For purposes of this letter, "Change in Control" shall mean the occurrence of
any of the following events:
(i) The acquisition, by new stockholders (being any person or group of persons
other than the current directors of the Company, Xxxxxx Xxxxxxx, their
respective families, estates, trusts and other affiliates) acting in concert, of
a beneficial ownership interest in the Company, resulting in the total
beneficial ownership of such persons or group of persons equaling or exceeding
50% of the outstanding common stock and warrants of the Company; provided,
however, that no such person or group of persons shall be deemed to beneficially
own (i) any common stock or warrants acquired directly from the Company or (ii)
any common stock or warrants held by the Company or any of its subsidiaries or
any employee benefit plan (or any related trust) of the Company or its
subsidiaries.
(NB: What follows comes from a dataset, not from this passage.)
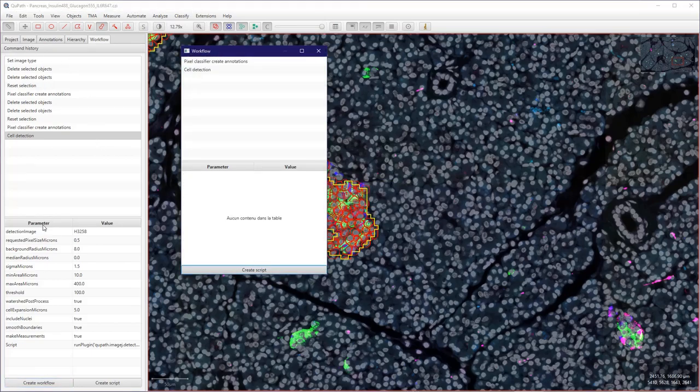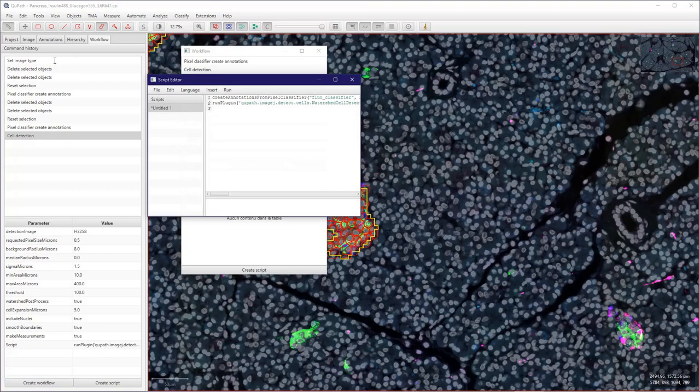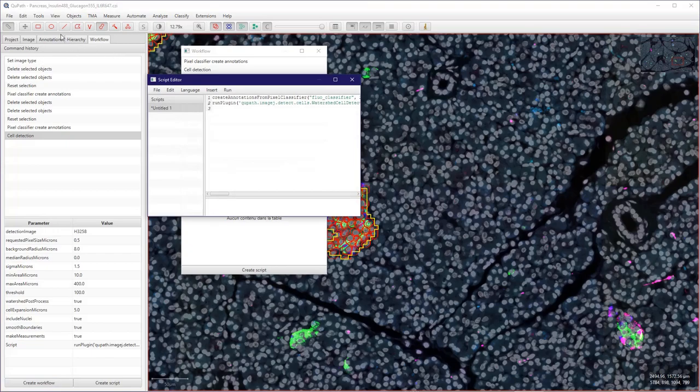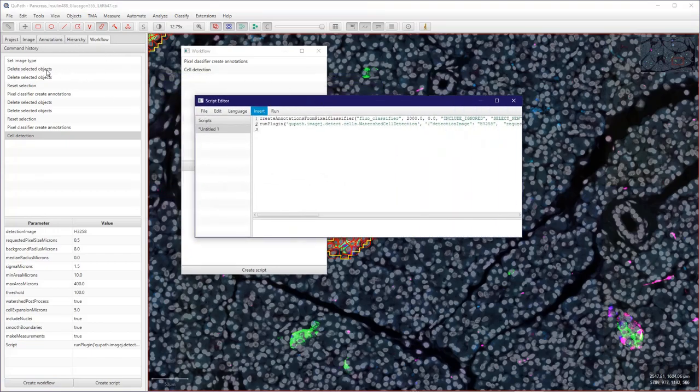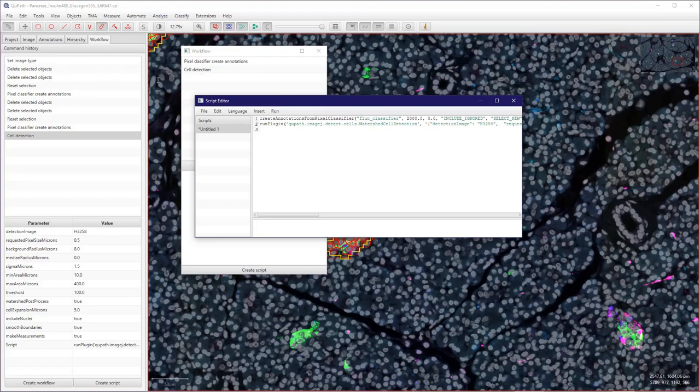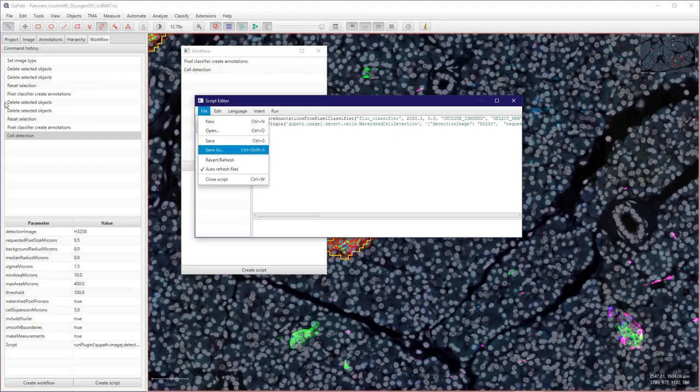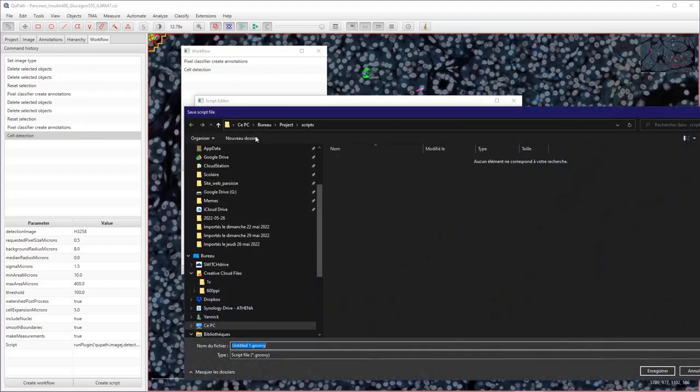And now I can create a script here where I will just call my pixel classifier, which is a threshold, and directly after that do a cell detection. So I will save this as, let's call this my script.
The Change in Control shall be deemed to occur on the date the
beneficial ownership of the acquiring person or group of persons first equals or
exceeds 50% of the outstanding common stock and warrants of the Company.
(ii) A merger, consolidation or other reorganization having substantially the
same effect, or the sale of all or substantially all the consolidated assets of
the Company in each case, with respect to which the persons or group of persons
who were the respective beneficial owners of the outstanding common stock
immediately prior to such event do not, following such event, beneficially own,
directly or indirectly, more than 50% of, respectively, the then outstanding
voting stock of the corporation resulting from such event or the corporation
purchasing or receiving assets pursuant to such event.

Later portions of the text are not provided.